Write out the entries below once more, exactly, with the pictures left out.

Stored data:
--- START ---

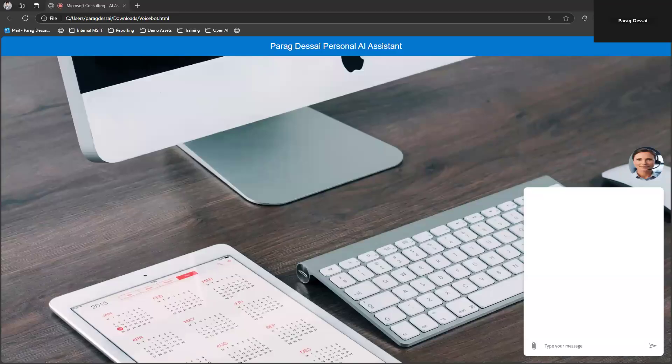Hey everyone. Hope everyone is doing well. I'm really excited to show this demo today where I have added speech-to-text and text-to-speech capabilities to a Copilot Studio AI agent.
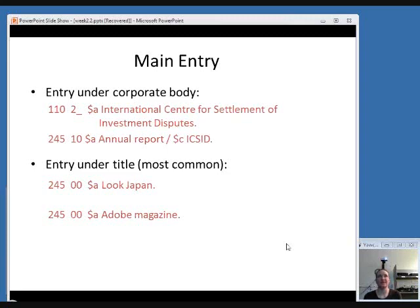Here are some examples of MARC fields for each main entry option. If an entry is under a corporate body, you will have a 110 field with the corporate body's name and then a 245 field with the title. Most commonly, the entry is under title and you don't need a separate field — the 245 functions as the main entry. You'll notice that in both of those examples, the first indicator is zero, which means the title is the main entry.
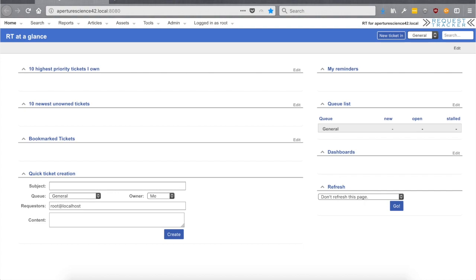Hi, this is Jim Brandt with Best Practical. Today I'd like to go over a quick lesson in how to create a new queue. If you have a brand new RT, you might be looking at a screen with one queue — General — and you're logged in as root and you'd like to know how to go forward and create some more queues. Or maybe you've got an RT that you've been using for a while and it's just been a while since you created a queue. This will be good for both of those cases.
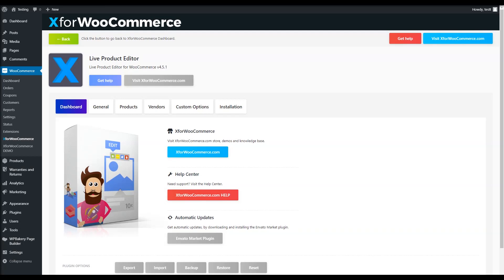Welcome to Live Editor for WooCommerce Video Guide. In this video, I will show how you can create and edit your product with this amazing and unique plugin.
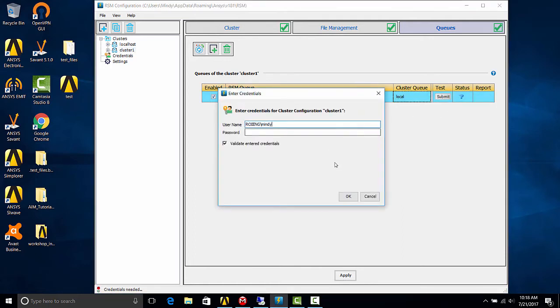All right, it brought up a credentials window. Now you'll want to enter a domain slash username and password of a valid account on the remote server, as this will be who the job will log in as and run as.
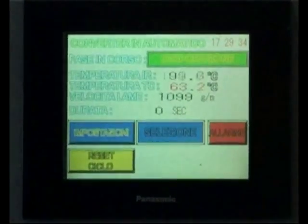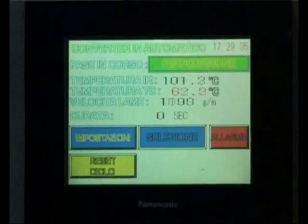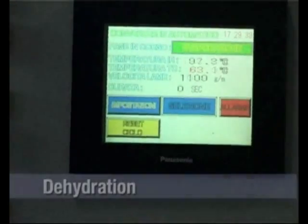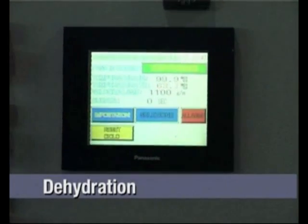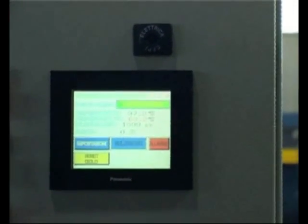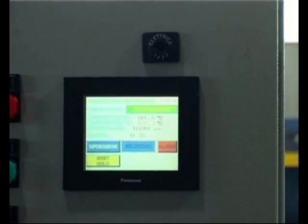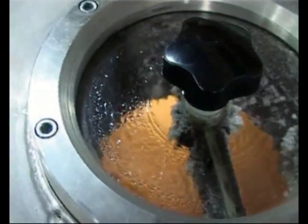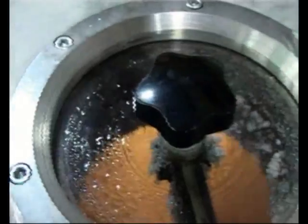At the end of the mincing phase, the blades increase in speed up to 1400 turns per minute. The display shows the temperature reaching 100 degrees through complete dehydration of the product. By removing water, the starting weight of the product is reduced by about 30%.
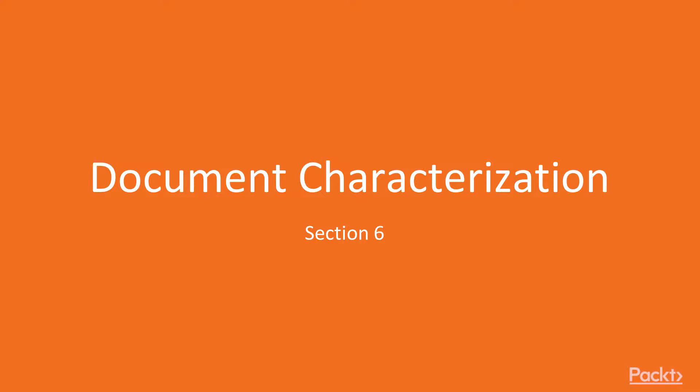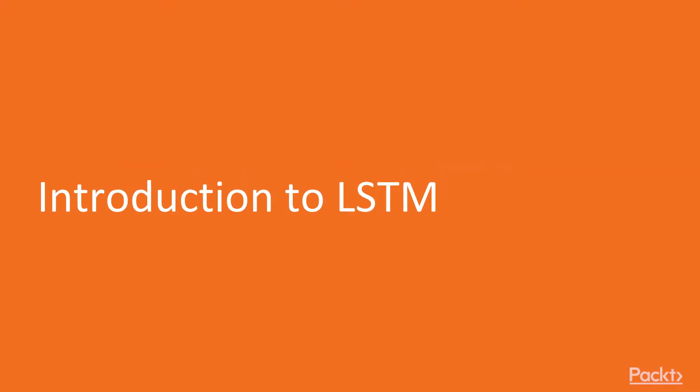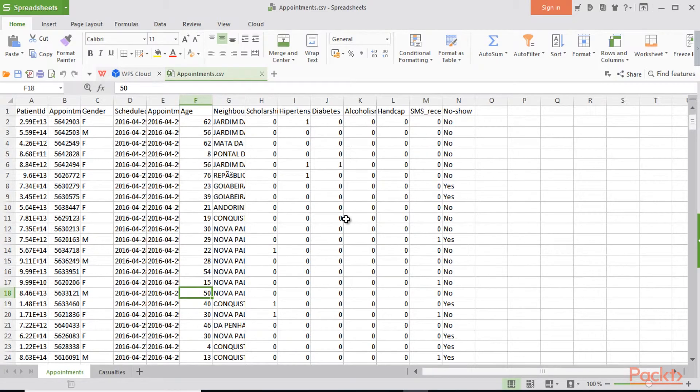Section 6 is all about document characterization. When I say document characterization, we will be focusing on a special kind of neural network that is LSTM, which is long short-term memory networks. Here I'm just opening up with our dataset.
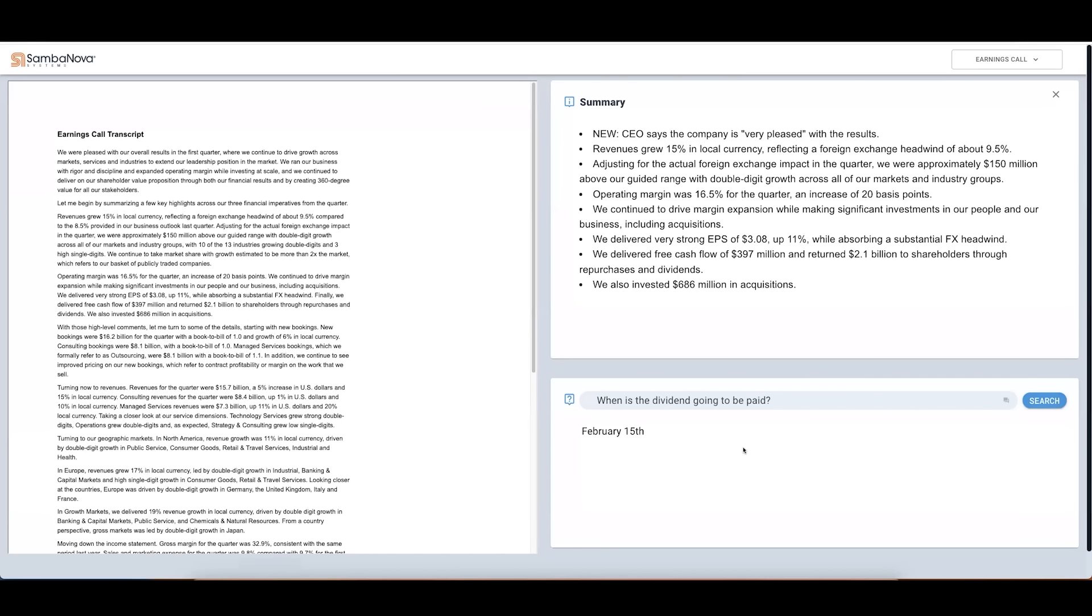Finally, we can ask a question like, what is the dividend per share?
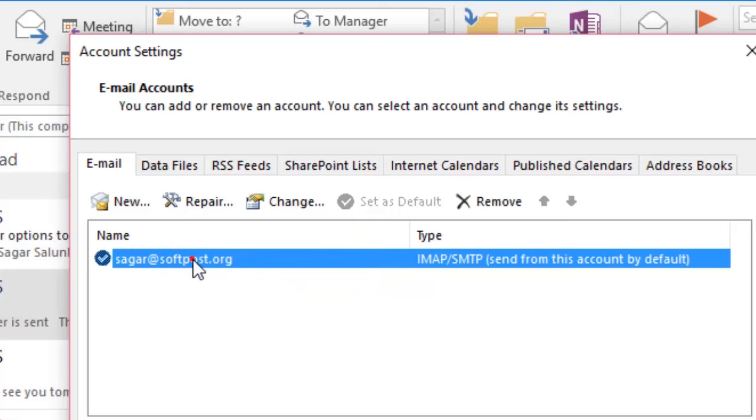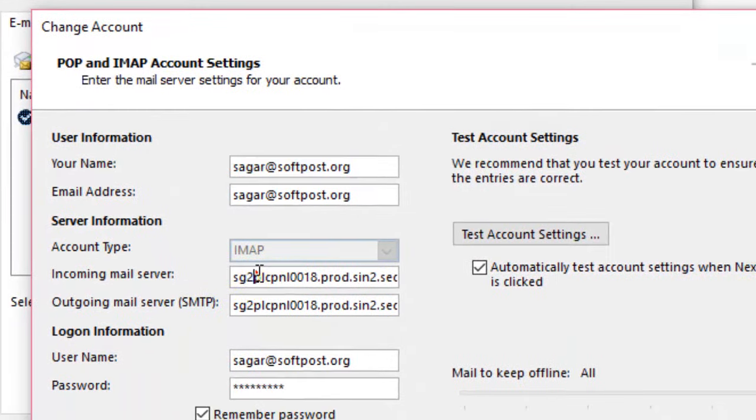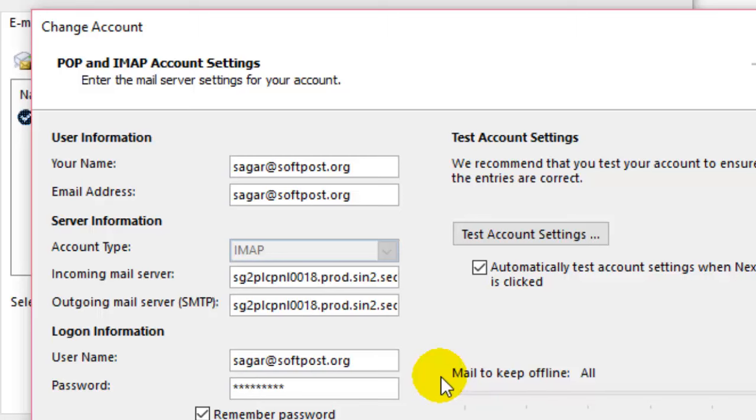Click on that account and then click on Change. Once you click on that, here it will display your incoming mail server and outgoing mail server or SMTP server name. So this is how you can find out the SMTP server name.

--- END ---

Solution to this task:
Hey everyone. Hope everyone is doing well. I'm really excited to show this demo today where I have added speech-to-text and text-to-speech capabilities to a Copilot Studio AI agent.
Here are some examples of MARC fields for each main entry option. If an entry is under a corporate body, you will have a 110 field with the corporate body's name and then a 245 field with the title. Most commonly, the entry is under title and you don't need a separate field — the 245 functions as the main entry. You'll notice that in both of those examples, the first indicator is zero, which means the title is the main entry.
Hi, this is Jim Brandt with Best Practical. Today I'd like to go over a quick lesson in how to create a new queue. If you have a brand new RT, you might be looking at a screen with one queue — General — and you're logged in as root and you'd like to know how to go forward and create some more queues. Or maybe you've got an RT that you've been using for a while and it's just been a while since you created a queue. This will be good for both of those cases.
Welcome to Live Editor for WooCommerce Video Guide. In this video, I will show how you can create and edit your product with this amazing and unique plugin.
All right, it brought up a credentials window. Now you'll want to enter a domain slash username and password of a valid account on the remote server, as this will be who the job will log in as and run as.
At the end of the mincing phase, the blades increase in speed up to 1400 turns per minute. The display shows the temperature reaching 100 degrees through complete dehydration of the product. By removing water, the starting weight of the product is reduced by about 30%.
Section 6 is all about document characterization. When I say document characterization, we will be focusing on a special kind of neural network that is LSTM, which is long short-term memory networks. Here I'm just opening up with our dataset.
Finally, we can ask a question like, what is the dividend per share?
Click on that account and then click on Change. Once you click on that, here it will display your incoming mail server and outgoing mail server or SMTP server name. So this is how you can find out the SMTP server name.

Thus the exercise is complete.